Second block should have 2 convolutions #9

Open prhbrt opened 7 years ago

prhbrt commented 7 years ago

I noticed that your second block in the diagram in your paper

v-net

source: https://arxiv.org/abs/1606.04797

has 2 convolutional layers, yet here is has one:

https://github.com/faustomilletari/VNet/blob/master/Prototxt/train_noPooling_ResNet_cinque.prototxt#L143

Shouldn't there be 2? And shouldn't the thrid block have 3?

https://github.com/faustomilletari/VNet/blob/master/Prototxt/train_noPooling_ResNet_cinque.prototxt#L230

faustomilletari commented 7 years ago

looking into it...

mattmacy commented 7 years ago

I'm translating this to pytorch and have noticed the same thing only more so. It might help if you put each layer on a single line like: http://lmb.informatik.uni-freiburg.de/resources/opensource/3dUnet_miccai2016_with_BN.prototxt Prototxt is horrible no matter how it's formatted, but it's much easier to see what's going on that way.

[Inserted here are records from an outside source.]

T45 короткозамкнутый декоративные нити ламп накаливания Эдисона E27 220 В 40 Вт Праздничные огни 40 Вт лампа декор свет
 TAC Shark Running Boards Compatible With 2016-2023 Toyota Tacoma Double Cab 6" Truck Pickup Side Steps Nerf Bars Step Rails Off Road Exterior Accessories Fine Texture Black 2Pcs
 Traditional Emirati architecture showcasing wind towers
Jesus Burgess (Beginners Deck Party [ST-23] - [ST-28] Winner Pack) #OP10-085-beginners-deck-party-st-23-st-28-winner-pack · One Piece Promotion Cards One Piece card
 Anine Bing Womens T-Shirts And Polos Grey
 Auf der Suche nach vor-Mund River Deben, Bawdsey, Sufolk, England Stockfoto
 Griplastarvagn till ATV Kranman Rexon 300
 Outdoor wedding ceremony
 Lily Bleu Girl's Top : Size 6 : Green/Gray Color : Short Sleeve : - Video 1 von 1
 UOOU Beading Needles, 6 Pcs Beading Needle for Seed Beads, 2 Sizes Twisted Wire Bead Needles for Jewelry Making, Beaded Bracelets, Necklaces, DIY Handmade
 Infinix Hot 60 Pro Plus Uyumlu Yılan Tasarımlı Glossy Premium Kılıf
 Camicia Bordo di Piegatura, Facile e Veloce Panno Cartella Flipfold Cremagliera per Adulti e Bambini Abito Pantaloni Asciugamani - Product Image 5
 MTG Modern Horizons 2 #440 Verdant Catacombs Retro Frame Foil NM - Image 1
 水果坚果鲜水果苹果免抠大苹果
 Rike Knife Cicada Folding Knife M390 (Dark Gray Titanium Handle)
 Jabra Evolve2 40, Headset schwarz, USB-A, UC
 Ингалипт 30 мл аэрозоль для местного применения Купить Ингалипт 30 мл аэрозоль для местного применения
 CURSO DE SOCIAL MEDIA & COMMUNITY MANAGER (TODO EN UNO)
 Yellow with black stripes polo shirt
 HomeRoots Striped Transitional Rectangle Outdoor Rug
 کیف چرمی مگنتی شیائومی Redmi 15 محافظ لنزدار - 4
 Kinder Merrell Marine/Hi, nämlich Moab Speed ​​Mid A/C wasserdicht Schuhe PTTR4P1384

I've lumped together the up/down convolution and the subsequent convolution(s) in to a single logical layer. The first argument to Down/Up is the number of input channels and the second argument is the number of convolutions. The following is how the network is actually implemented in ResNet_cinque

class VNet(nn.Module): def init(self): super(VNet, self).init() self.in_tr = InputTransition(16) self.down_tr32 = DownTransition(16, 1) self.down_tr64 = DownTransition(32, 2) self.down_tr128 = DownTransition(64, 3) self.down_tr256 = DownTransition(128, 3) self.up_tr256 = UpTransition(256, 3) self.up_tr128 = UpTransition(128, 2) self.up_tr64 = UpTransition(64, 1) self.up_tr32 = UpTransition(32, 1) self.out_tr = OutputTransition(16)

This is what it would look like if it were implemented per the diagram:

class VNet(nn.Module): def init(self): super(VNet, self).init() self.in_tr = InputTransition(16) self.down_tr32 = DownTransition(16, 2) self.down_tr64 = DownTransition(32, 3) self.down_tr128 = DownTransition(64, 3) self.down_tr256 = DownTransition(128, 3) self.up_tr256 = UpTransition(256, 3) self.up_tr128 = UpTransition(128, 3) self.up_tr64 = UpTransition(64, 2) self.up_tr32 = UpTransition(32, 1) self.out_tr = OutputTransition(16)

I haven't ported the Dice loss function or the Vnet equivalent to Unet3D's value deformation layer and I only have a single Pascal Titan X so I can't say how much of a difference it all makes in practice. I don't have any spare time at the moment, but next month I may compare them both on the LUNA16 data set.

prhbrt commented 7 years ago

Correct, I also saw several similar inconsistencies, just wanted to start with one :) I have written code in Keras btw.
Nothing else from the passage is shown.